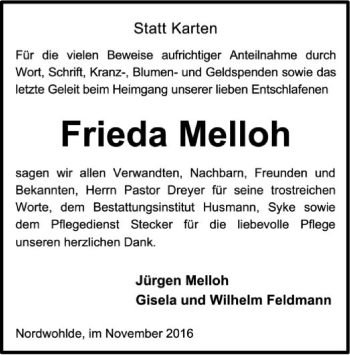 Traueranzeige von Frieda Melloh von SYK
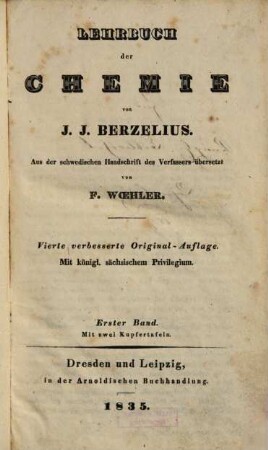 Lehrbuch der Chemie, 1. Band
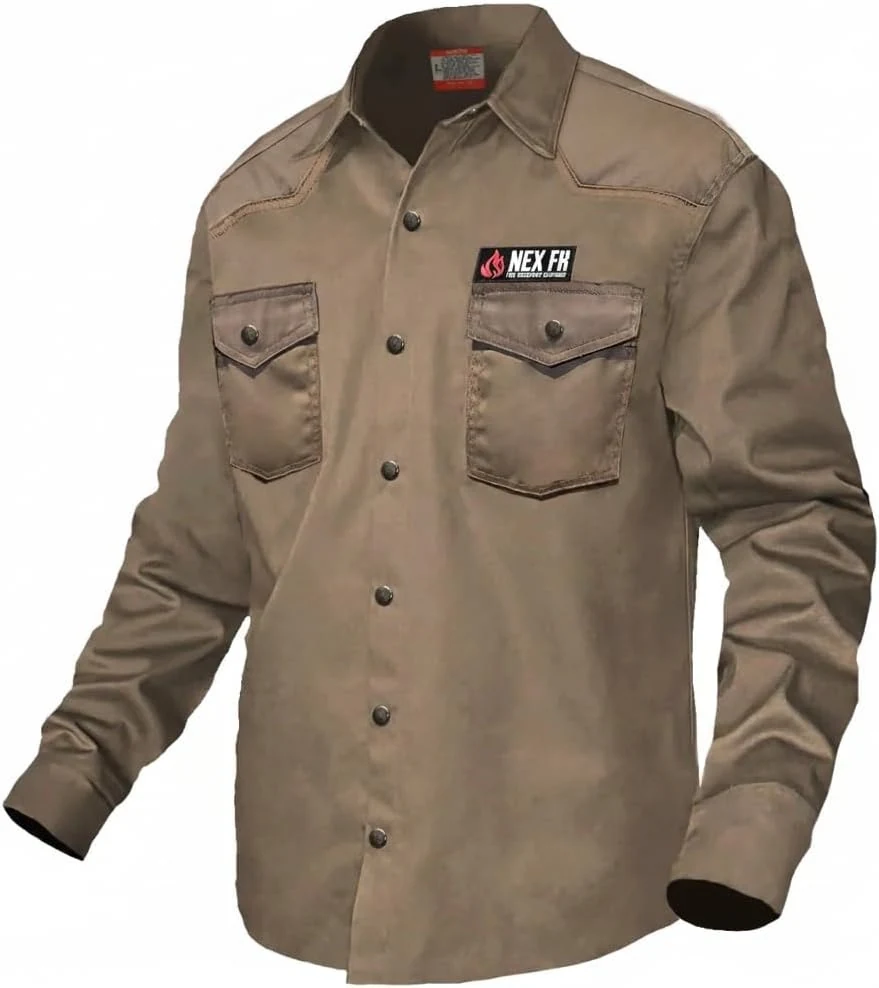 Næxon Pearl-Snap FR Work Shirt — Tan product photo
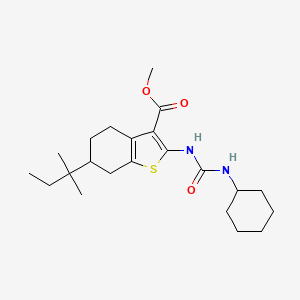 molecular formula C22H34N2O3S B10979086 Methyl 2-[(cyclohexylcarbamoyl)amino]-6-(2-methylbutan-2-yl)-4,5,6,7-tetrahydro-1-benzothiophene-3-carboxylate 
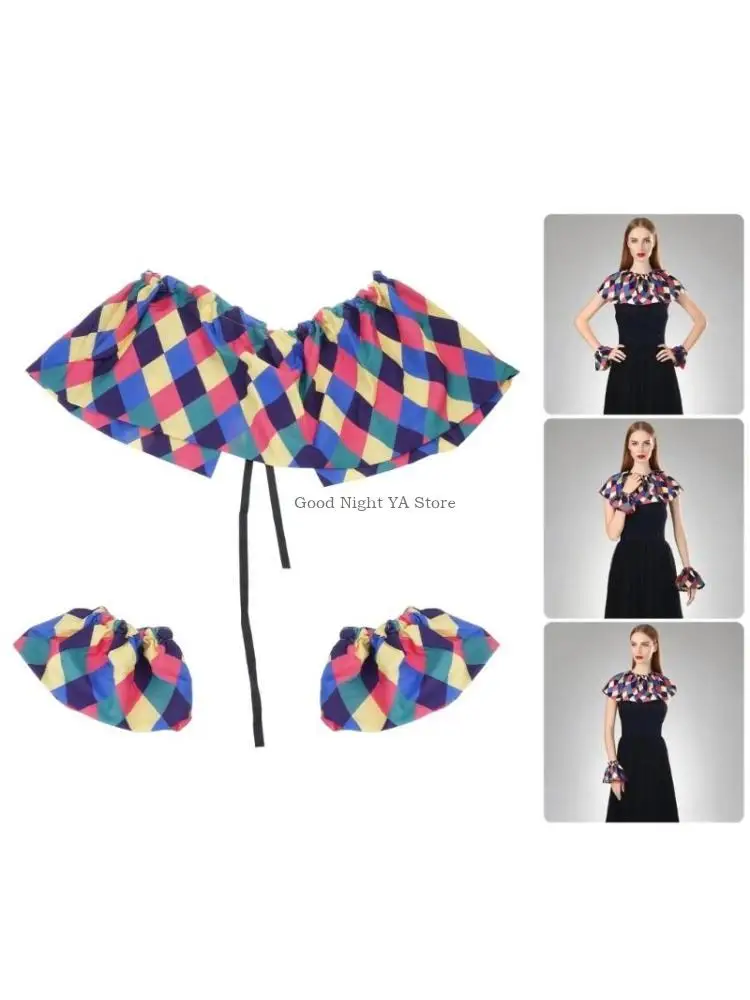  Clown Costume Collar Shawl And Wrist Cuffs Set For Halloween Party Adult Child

• _Exercise_:
With pictures removed, write out exactly each line of the entries from the first through the line that holds "molecular formula C22H34N2O3S".

• _Answer to this problem_:
 Traueranzeige von Frieda Melloh von SYK
 Lehrbuch der Chemie, 1. Band
 Næxon Pearl-Snap FR Work Shirt — Tan product photo
 molecular formula C22H34N2O3S B10979086 Methyl 2-[(cyclohexylcarbamoyl)amino]-6-(2-methylbutan-2-yl)-4,5,6,7-tetrahydro-1-benzothiophene-3-carboxylate 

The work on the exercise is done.